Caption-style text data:
::::
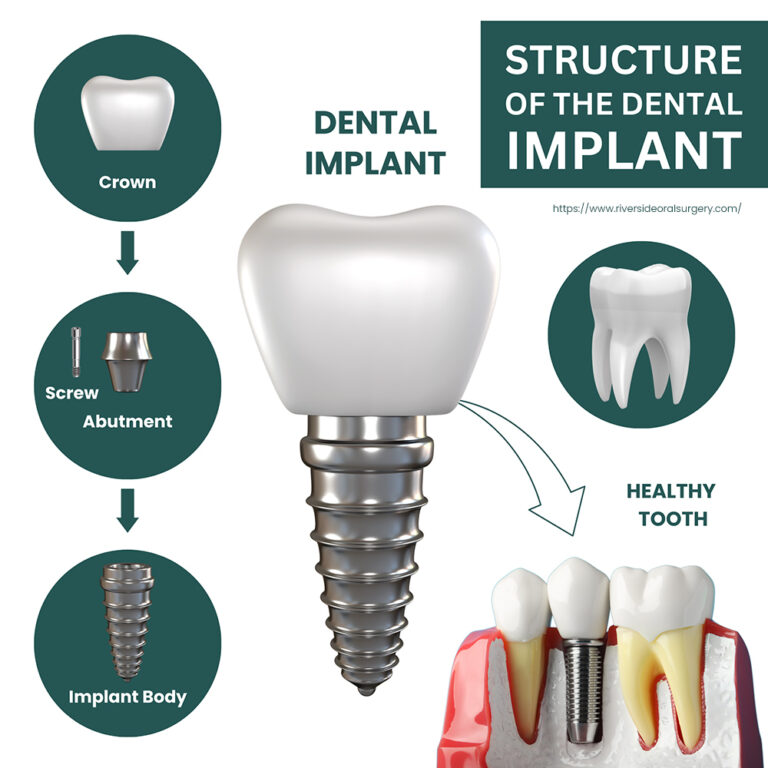 dental implant structure 768x768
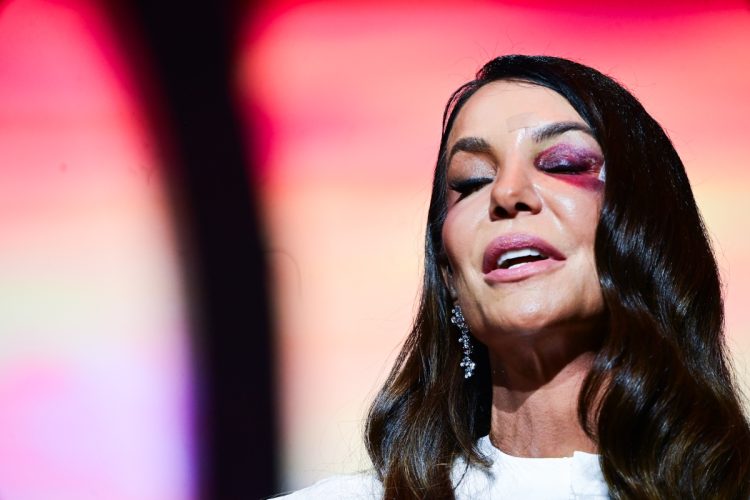 Ivete Sangalo canta exibindo hematomas no rosto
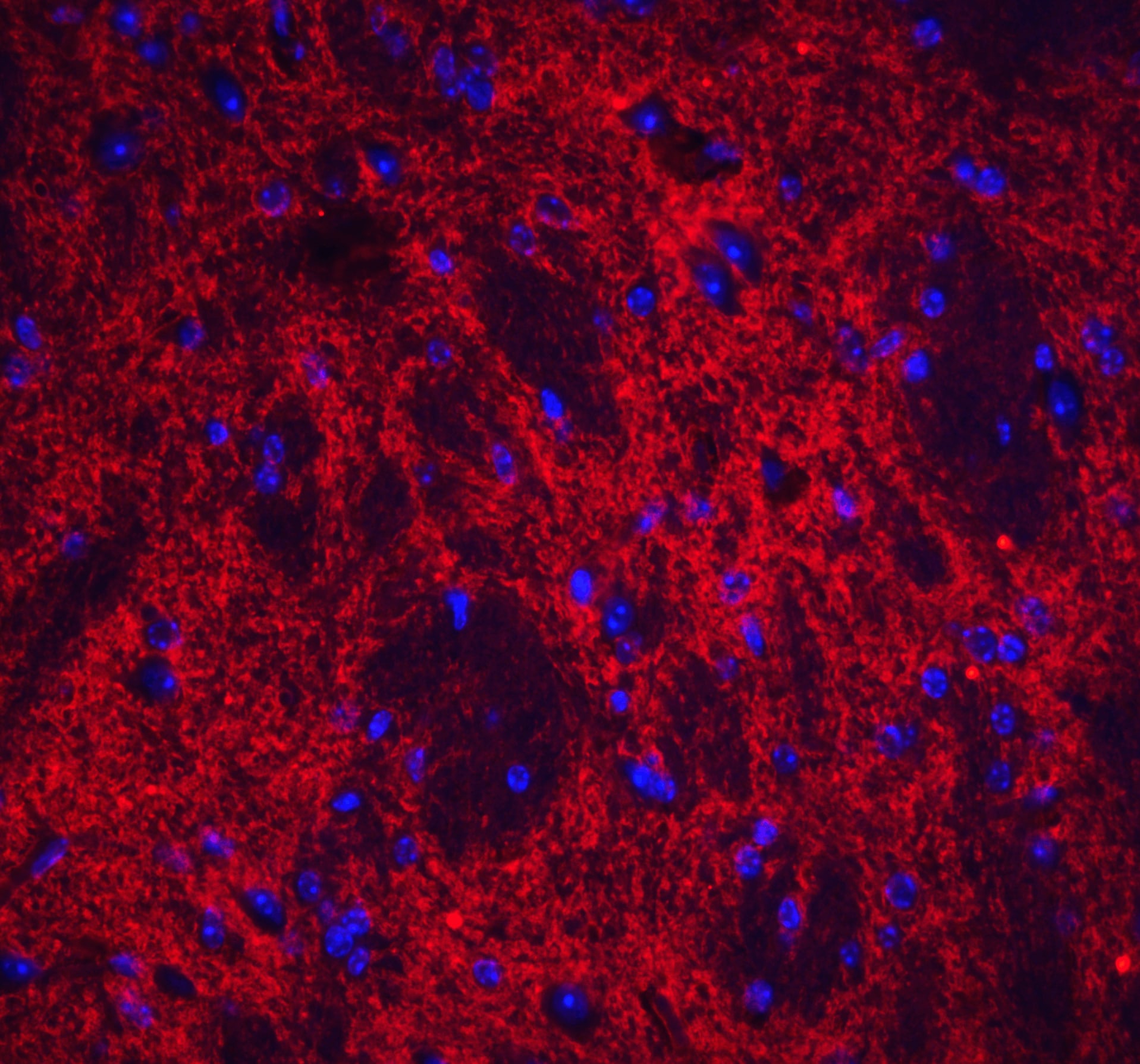 Neuronal Pentraxin 2 Antibody - BSA Free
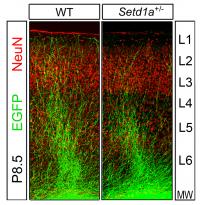 Setd1a Deficiency Disrupts Axonal Growth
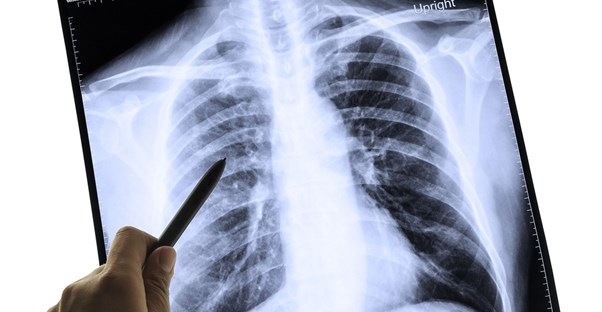 a doctor points to a suspicious mesothelioma spot in a lung x-ray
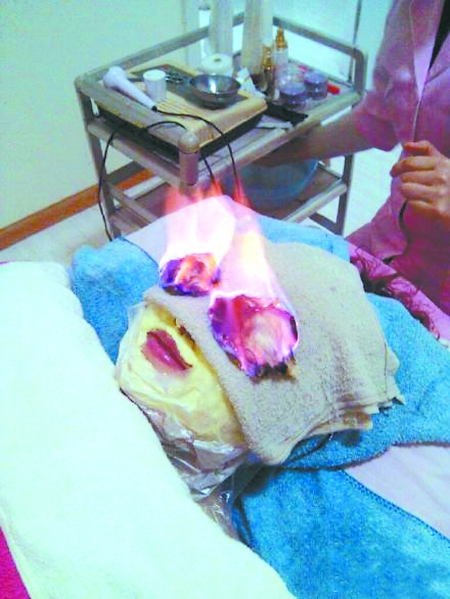 女子美容眼睛上方点火活血 女子美容眼睛上方点火活血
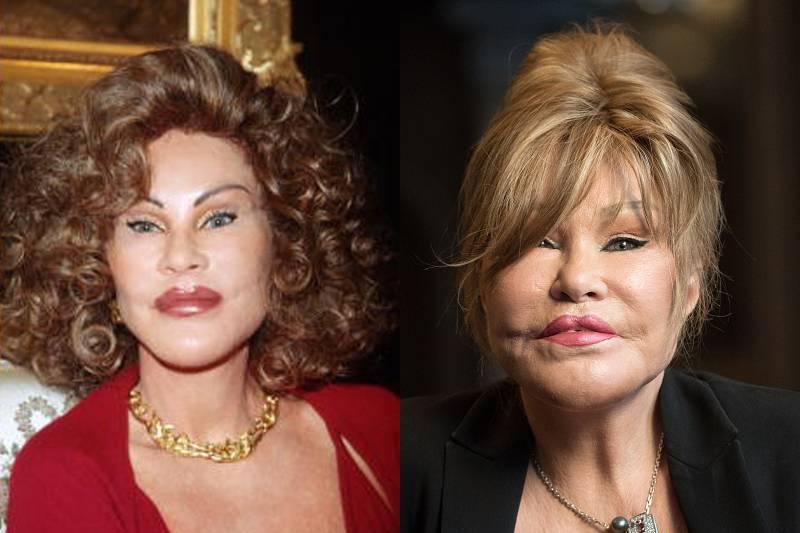 jocelyn-wildenstein-plastic-surgery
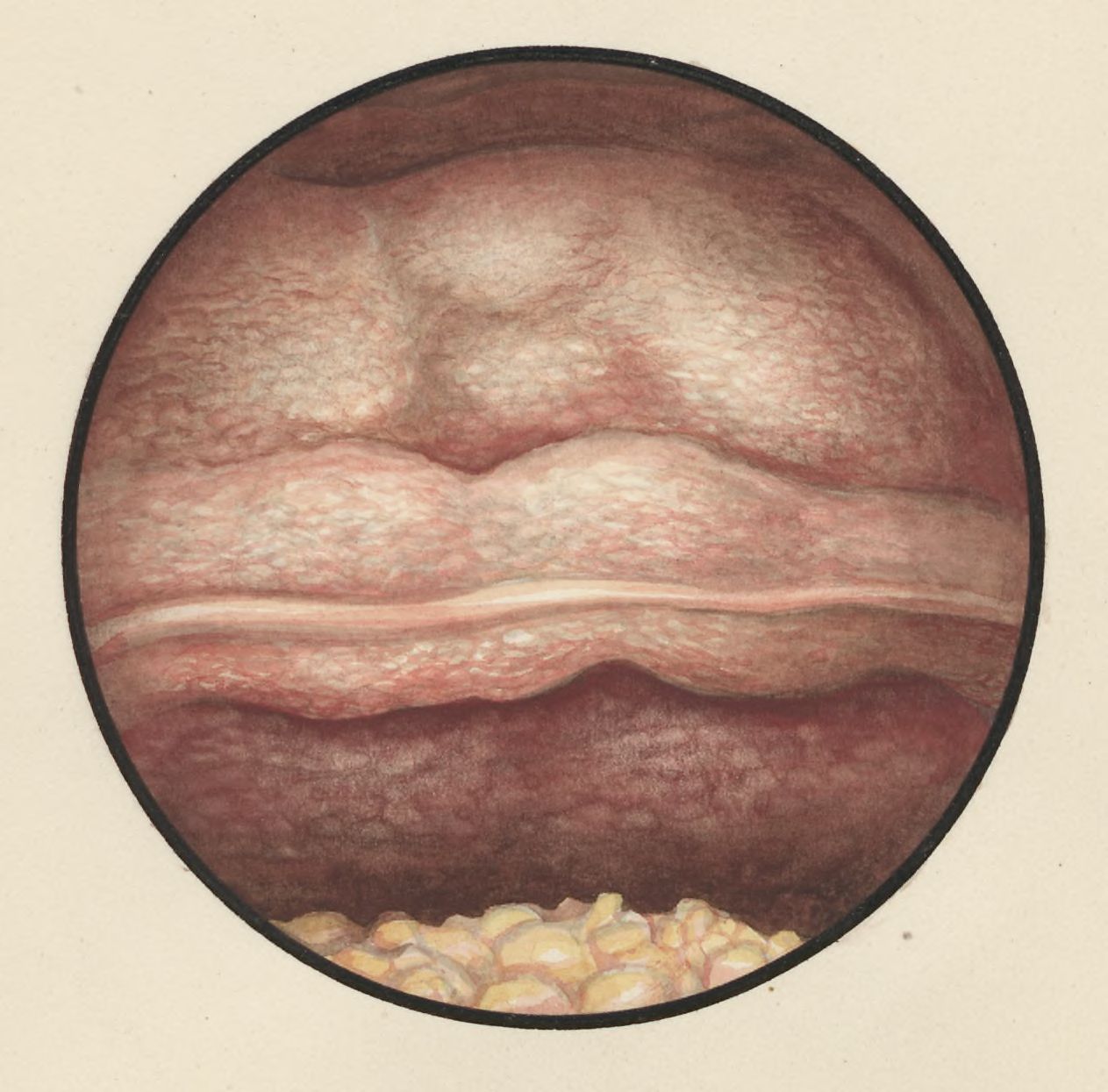 Microscopic magnification of the abdomen
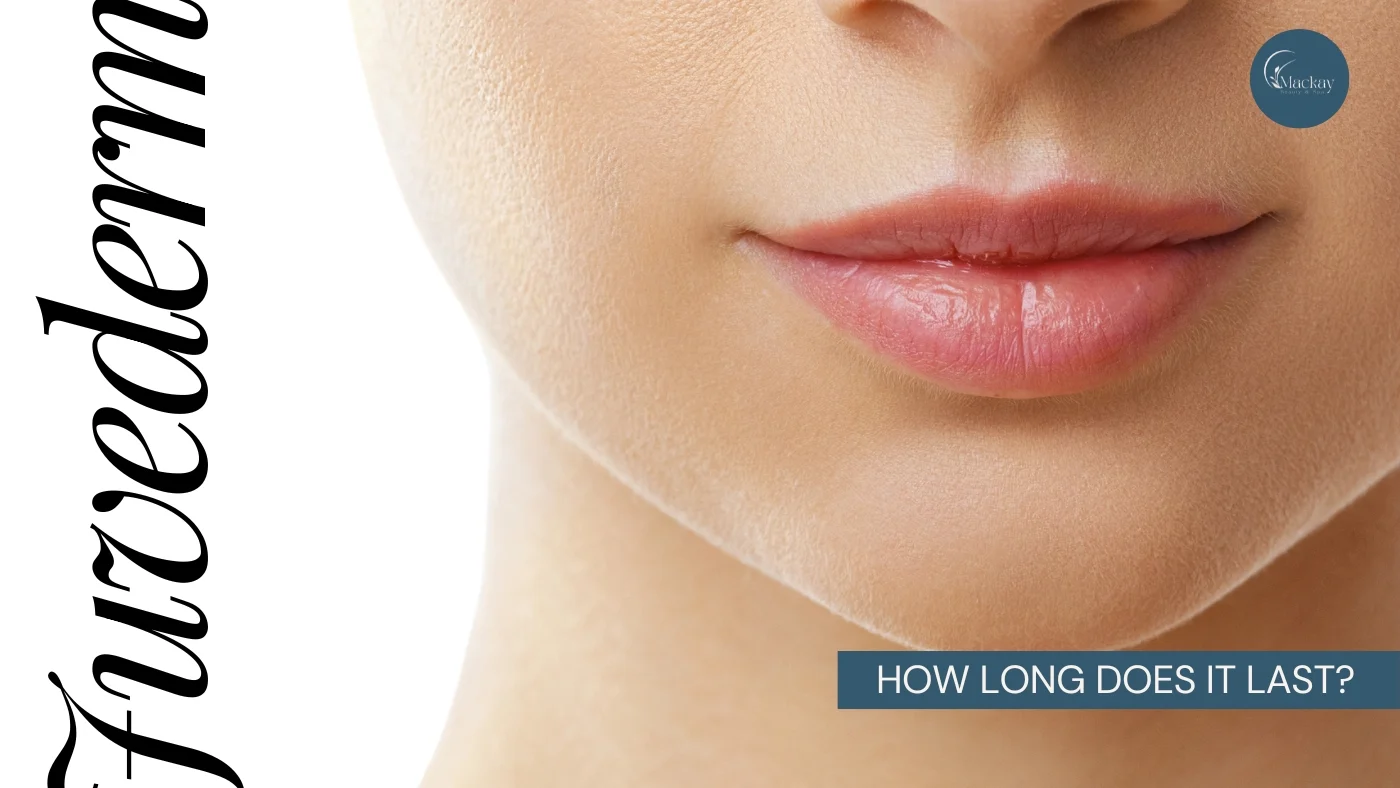 How Long Does Juvederm Last?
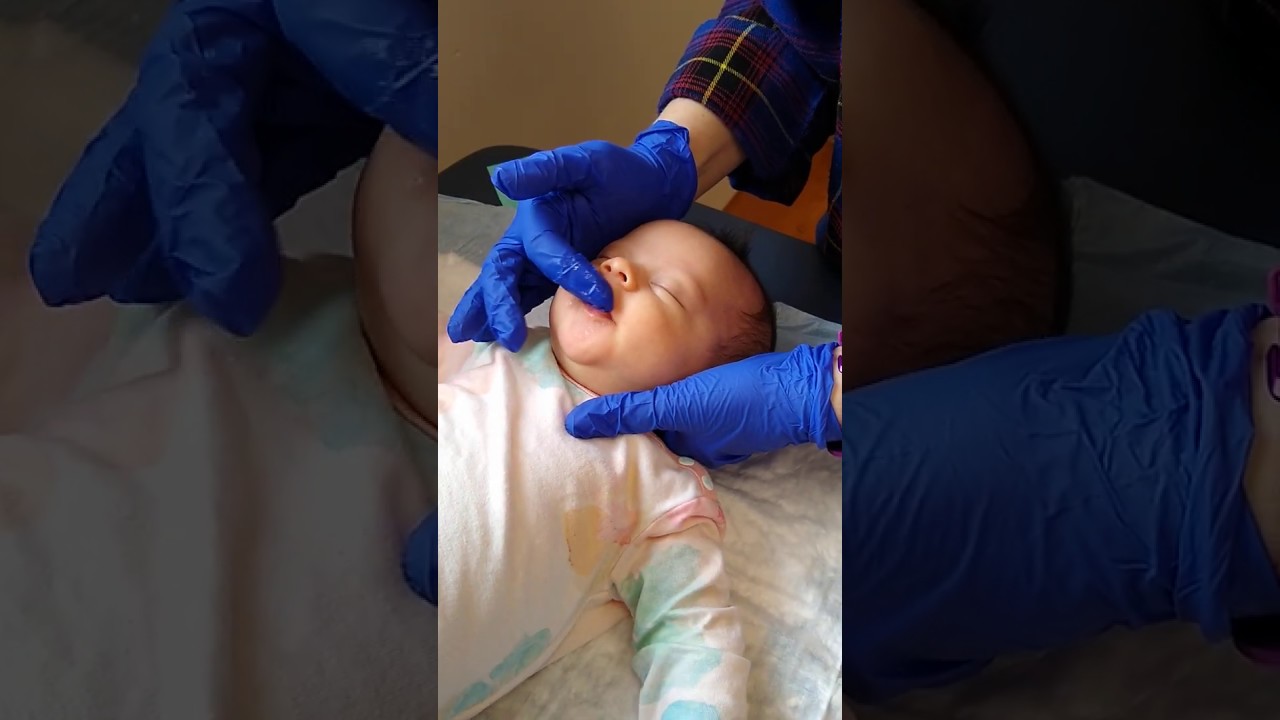 Frenotomy After Care Exercises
::::
**Task objective:** Would you reproduce the lines above exactly, without carrying over the pictures?

**Answer to the exercise:**
 dental implant structure 768x768
 Ivete Sangalo canta exibindo hematomas no rosto
 Neuronal Pentraxin 2 Antibody - BSA Free
 Setd1a Deficiency Disrupts Axonal Growth
 a doctor points to a suspicious mesothelioma spot in a lung x-ray
 女子美容眼睛上方点火活血 女子美容眼睛上方点火活血
 jocelyn-wildenstein-plastic-surgery
 Microscopic magnification of the abdomen
 How Long Does Juvederm Last?
 Frenotomy After Care Exercises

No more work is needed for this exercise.